A lot of people refuse to see their own privilege, it’s the same with the 60% tax thing. If your kids are at private school and you’re finding yourself having to deal with this tax quirk, you’re a mile away from “the squeezed middle”.
I’ve seen your posts on PH and laughed at the responses. Lack of self-awareness.

The thing is, if you are taxed at 60% there’s reduced incentive to earn more. I have effectively been self-employed for a few years and I deliberately limit how much I pay myself to avoid paying what I consider an unfair tax rate. No ‘woe is me’ here, but if the rate remained consistent then I’d pay myself more and thus pay more tax, benefiting the country as a whole. So it’s a bit short-sighted to say it’s simply rich people complaining.
the 60% bit is only from £100-125k though where it just wipes out your personal allowance. So even though it's daft, it doesn't affect the earnings after that - they're back to being 40% again. You always take home more by earning more.
Yes, you take home 40% more of your total earnings.
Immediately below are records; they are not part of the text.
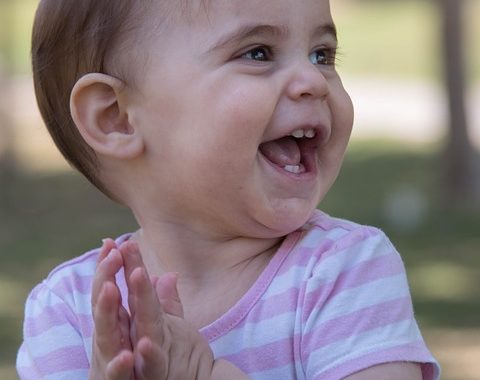 kisbaba boldogan tapsol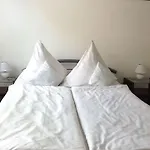 Hostel Near Brandenburg Gate - & Berlin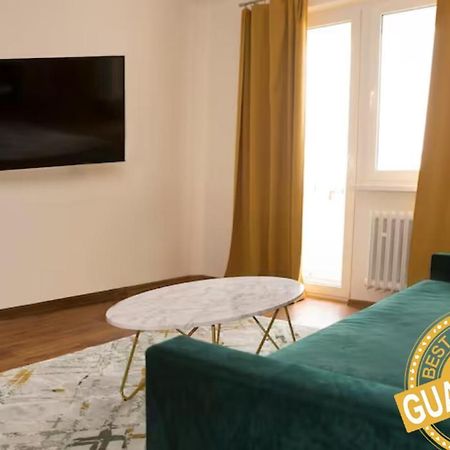 New Colorful Apartment With Big Balcony Bratislava Ngoại thất bức ảnh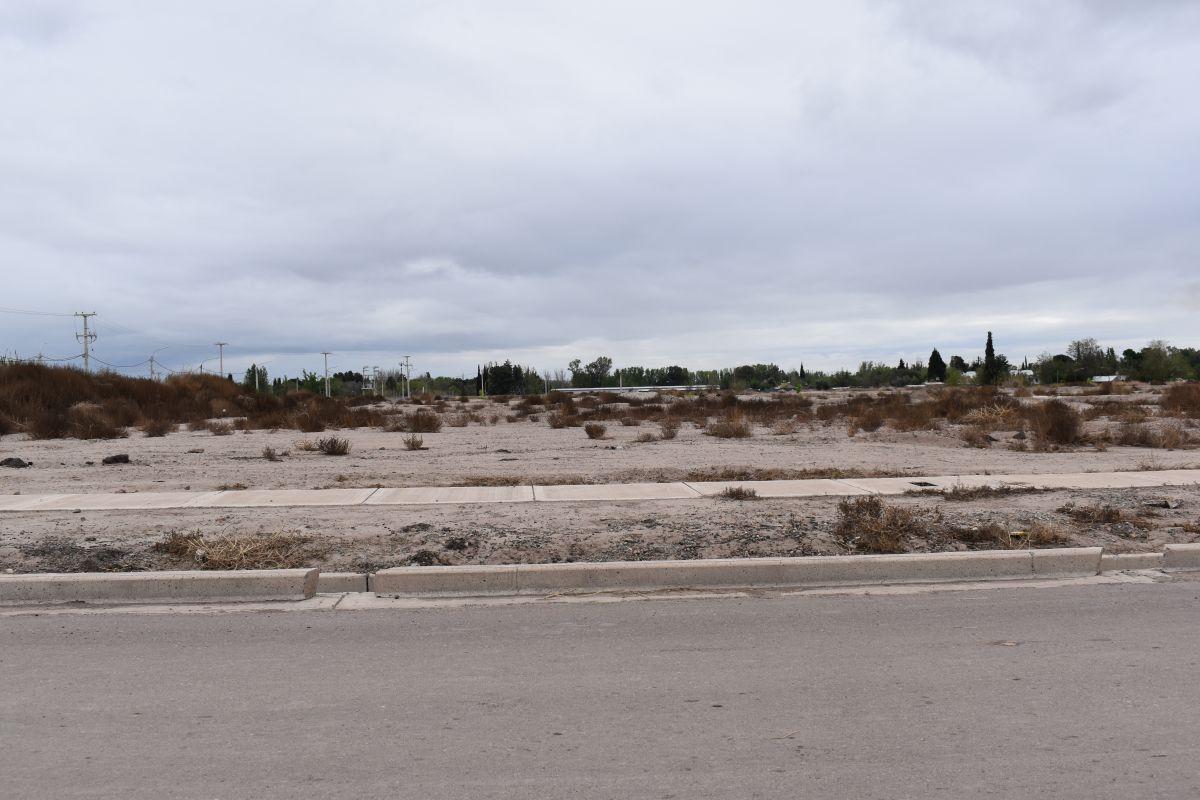 Foto de LOTE EN VENTA GUAYMALLEN, imagen 3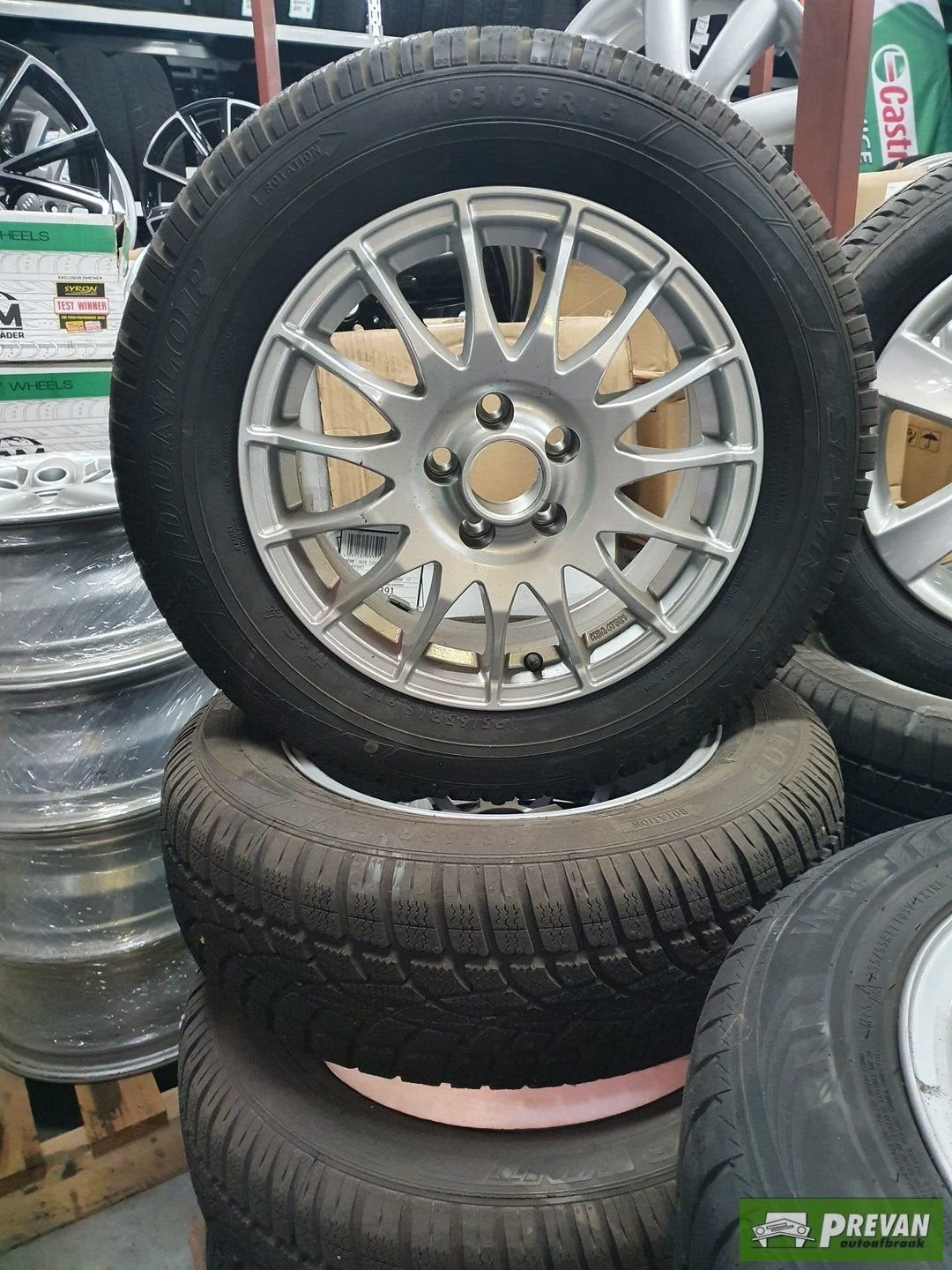 Volkswagen Golf 4 winterbanden Florida velgen 195/65/15 Dunl, Auto-onderdelen, Banden en Velgen, Gebruikt, 15 inch, -, -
I think that is a bad deal and choose not to take it. If the tax rate was 99% you’d also take home more by earning more but nobody would bother earning more; they’d have more time off or whatever. The rate does go to 45% afterwards anyway, not simply back to a straight 40%, but that’s still more than half of what you earn going to you not the government.

There are other marginal rates which are far worse than 60%, where you earn just enough to lose child benefit for instance. The tax system is over-complicated and by creating these sort of situations it almost certainly raises less money than it could by disincentivising people from earning more.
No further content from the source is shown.